▸ Work order: Copy each line below in which the string "using" appears.

▸ Source data:

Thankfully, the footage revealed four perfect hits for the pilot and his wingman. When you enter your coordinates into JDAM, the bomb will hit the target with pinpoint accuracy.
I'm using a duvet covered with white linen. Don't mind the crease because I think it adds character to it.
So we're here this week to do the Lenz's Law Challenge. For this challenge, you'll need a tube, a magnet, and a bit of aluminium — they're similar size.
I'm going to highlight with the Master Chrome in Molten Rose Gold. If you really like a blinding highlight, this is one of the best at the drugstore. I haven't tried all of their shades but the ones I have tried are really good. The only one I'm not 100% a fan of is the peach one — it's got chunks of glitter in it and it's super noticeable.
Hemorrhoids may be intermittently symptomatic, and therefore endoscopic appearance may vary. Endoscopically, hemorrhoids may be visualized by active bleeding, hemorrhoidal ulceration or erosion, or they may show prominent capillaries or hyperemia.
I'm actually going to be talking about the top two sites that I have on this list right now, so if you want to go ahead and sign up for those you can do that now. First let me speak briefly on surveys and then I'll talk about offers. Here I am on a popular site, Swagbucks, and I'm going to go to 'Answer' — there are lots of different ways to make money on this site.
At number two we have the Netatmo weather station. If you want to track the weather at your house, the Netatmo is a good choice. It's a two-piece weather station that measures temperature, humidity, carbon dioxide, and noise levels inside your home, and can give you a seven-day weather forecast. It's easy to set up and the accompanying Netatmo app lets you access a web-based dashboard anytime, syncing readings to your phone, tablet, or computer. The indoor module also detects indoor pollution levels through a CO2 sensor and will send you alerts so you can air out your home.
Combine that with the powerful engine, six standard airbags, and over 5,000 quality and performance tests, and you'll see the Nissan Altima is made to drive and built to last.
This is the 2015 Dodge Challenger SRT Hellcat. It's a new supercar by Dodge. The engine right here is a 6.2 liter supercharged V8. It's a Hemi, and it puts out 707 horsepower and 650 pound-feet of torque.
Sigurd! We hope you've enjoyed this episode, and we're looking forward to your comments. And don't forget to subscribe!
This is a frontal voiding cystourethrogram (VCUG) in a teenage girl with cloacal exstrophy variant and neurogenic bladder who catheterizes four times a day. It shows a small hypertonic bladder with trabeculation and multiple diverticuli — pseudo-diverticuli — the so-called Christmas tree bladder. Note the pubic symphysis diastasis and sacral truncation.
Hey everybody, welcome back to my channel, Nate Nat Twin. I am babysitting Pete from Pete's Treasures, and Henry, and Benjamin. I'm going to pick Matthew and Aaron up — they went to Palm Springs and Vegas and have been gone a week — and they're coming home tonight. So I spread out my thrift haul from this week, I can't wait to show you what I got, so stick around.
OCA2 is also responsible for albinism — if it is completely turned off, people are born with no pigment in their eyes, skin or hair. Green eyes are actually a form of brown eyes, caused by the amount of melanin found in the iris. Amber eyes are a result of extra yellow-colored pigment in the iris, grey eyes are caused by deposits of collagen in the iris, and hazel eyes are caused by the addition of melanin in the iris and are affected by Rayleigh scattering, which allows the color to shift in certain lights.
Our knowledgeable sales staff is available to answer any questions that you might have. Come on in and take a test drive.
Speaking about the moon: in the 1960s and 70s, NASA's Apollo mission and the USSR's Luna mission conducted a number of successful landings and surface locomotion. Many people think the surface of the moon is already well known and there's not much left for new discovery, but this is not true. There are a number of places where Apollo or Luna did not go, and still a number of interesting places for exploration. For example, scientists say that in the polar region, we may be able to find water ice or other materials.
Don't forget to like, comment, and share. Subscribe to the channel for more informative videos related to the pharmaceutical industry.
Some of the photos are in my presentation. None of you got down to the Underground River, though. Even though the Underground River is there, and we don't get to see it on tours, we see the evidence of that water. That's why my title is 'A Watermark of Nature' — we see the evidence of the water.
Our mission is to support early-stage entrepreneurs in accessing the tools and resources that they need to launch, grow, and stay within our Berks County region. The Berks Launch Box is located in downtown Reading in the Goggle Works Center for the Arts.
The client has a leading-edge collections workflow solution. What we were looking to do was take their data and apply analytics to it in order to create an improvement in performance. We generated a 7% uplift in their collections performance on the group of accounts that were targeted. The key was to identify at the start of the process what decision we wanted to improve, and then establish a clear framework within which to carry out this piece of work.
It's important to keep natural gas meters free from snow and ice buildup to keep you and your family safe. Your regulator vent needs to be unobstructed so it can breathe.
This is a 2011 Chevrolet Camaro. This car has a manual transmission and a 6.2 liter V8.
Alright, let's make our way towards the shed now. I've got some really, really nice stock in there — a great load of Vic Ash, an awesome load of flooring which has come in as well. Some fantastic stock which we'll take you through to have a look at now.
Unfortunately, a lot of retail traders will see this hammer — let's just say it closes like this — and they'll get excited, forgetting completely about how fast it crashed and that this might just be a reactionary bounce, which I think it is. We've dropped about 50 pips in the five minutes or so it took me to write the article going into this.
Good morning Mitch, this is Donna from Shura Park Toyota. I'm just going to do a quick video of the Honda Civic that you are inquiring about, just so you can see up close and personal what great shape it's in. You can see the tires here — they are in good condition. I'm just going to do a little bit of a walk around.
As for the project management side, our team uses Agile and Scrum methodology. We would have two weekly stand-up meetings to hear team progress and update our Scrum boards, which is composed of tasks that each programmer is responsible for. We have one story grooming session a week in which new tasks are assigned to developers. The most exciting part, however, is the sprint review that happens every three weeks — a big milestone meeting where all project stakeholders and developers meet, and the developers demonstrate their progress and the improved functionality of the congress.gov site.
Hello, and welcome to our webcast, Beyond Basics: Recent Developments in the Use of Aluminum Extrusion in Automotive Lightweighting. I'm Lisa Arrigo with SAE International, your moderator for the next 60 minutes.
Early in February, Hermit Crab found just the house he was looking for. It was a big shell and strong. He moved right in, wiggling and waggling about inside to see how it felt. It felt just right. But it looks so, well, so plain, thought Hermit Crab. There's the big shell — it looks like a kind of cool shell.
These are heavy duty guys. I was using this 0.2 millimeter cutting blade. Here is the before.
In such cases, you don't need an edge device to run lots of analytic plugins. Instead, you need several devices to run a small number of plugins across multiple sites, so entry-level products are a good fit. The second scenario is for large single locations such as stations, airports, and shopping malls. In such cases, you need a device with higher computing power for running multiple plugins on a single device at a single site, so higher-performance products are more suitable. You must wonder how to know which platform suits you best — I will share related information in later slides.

▸ Response area:
I'm using a duvet covered with white linen. Don't mind the crease because I think it adds character to it.
These are heavy duty guys. I was using this 0.2 millimeter cutting blade. Here is the before.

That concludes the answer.